La carrière de Schafer s’est toujours déroulée à l’écart du cercle très fermé de la musique contemporaine. La France le connaît avant tout pour ses écrits qui théorisent le rapport musique/nature. Il forge en 1977 la notion de « paysage sonore » dans son ouvrage The Tuning of the World. Il s’y interroge sur la pertinence du compositeur qui évolue dans l’œuvre préexistante qu’est l’environnement qui nous entoure : « Nous sommes les compositeurs de cette immense et miraculeuse composition qui se joue autour de nous, et nous avons le choix de l’améliorer ou de la détruire. Nous pouvons y ajouter du bruit ou des sons magnifiques ».
Compositeur prolifique, Schafer se rend célèbres pour ses pièces à jouer en pleine nature : Music for Wilderness Lake est écrite pour 12 trombonistes rassemblés autour d’un plan d’eau, et son opéra The Princess of the Stars, interprété au bord d’un lac, doit coïncider avec le lever du soleil sur celui-ci. Par son éclectisme, son langage défie les canons et catégories de l’époque. Il témoigne autant d’un intérêt pour les techniques de composition européennes (aléatoire, théâtre musical, électronique) que pour des modes d’expression plus divers (large part de l’improvisation, notation graphique…). On reconnaît d’ailleurs dans ses partitions sa carrière avortée de peintre : elles sont de petits bijoux de calligraphie et de dessin, et il n’est parfois absolument pas nécessaire de lire la musique pour pouvoir les déchiffrer.

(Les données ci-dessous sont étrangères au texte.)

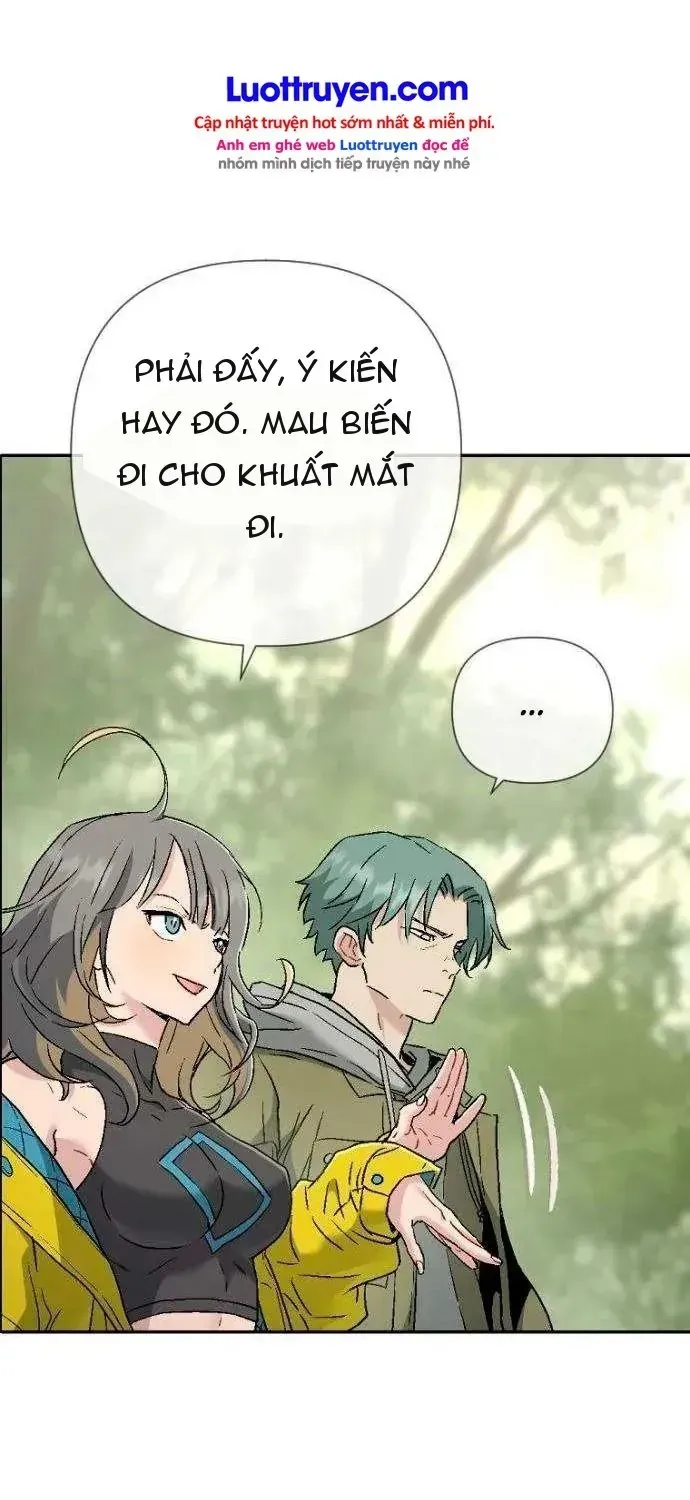 Chapter 7 - Trang 29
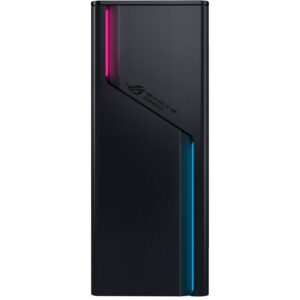 Asus ROG G22CH-71470F149W, Gaming-PC - 90PF03T1-M01DT0 technikbar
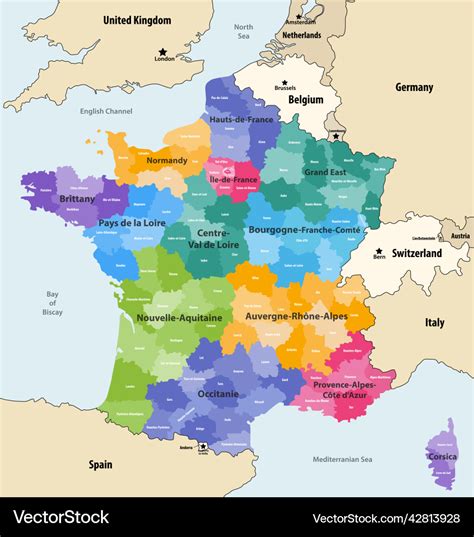 seterra france|map of france departments.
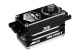 MKS - HBL550LX (0.083s/60°, 16.0kg.cm) (MKS26007)
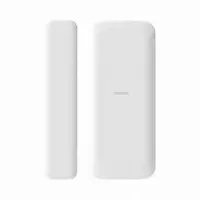 DS-PDMCX-E-WB(СМК большой)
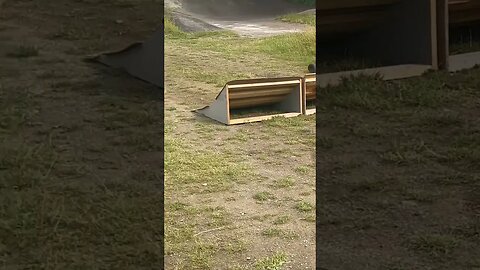 Traxxas XRT jumps over YouTubers!!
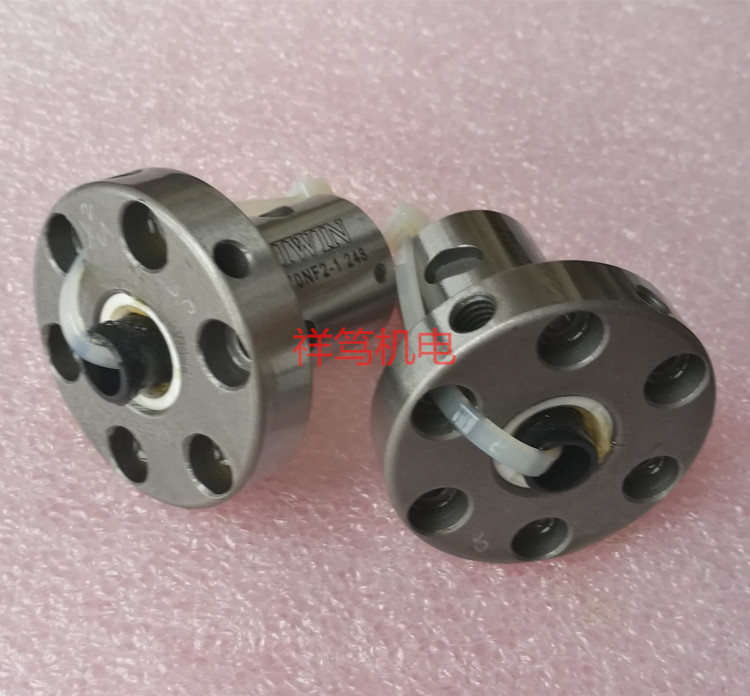HIWIN 滾珠絲桿R32-5T6-FSI 上銀內(nèi)循環(huán)絲桿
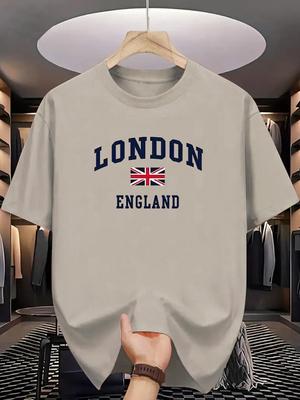 Tops – Camisetas
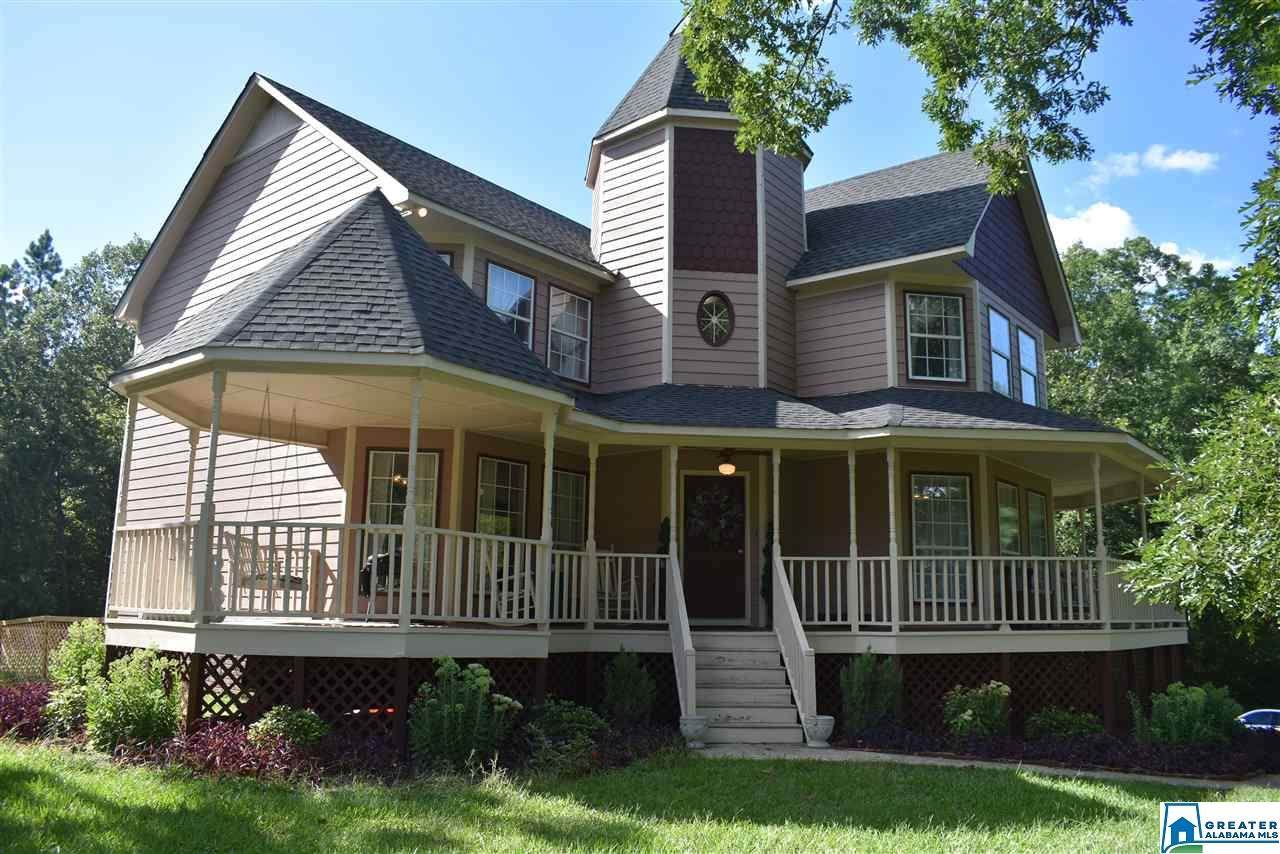 3705 Hwy 57 - Photo 1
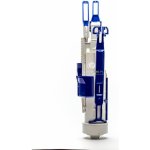 Geberit vypouštěcí ventil 244.821.00.1 – HobbyKompas.cz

En 1987, il est le premier récipiendaire du prestigieux Prix Glenn Gould. Le président du jury (un certain Yehudi Menuhin) rend hommage à « une imagination et un intellect forts, bienveillants, et hautement originaux ; à une puissance dynamique dont les expressions et aspirations personnelles multiples sont en accord total avec les besoins et rêves de l’humanité aujourd’hui ».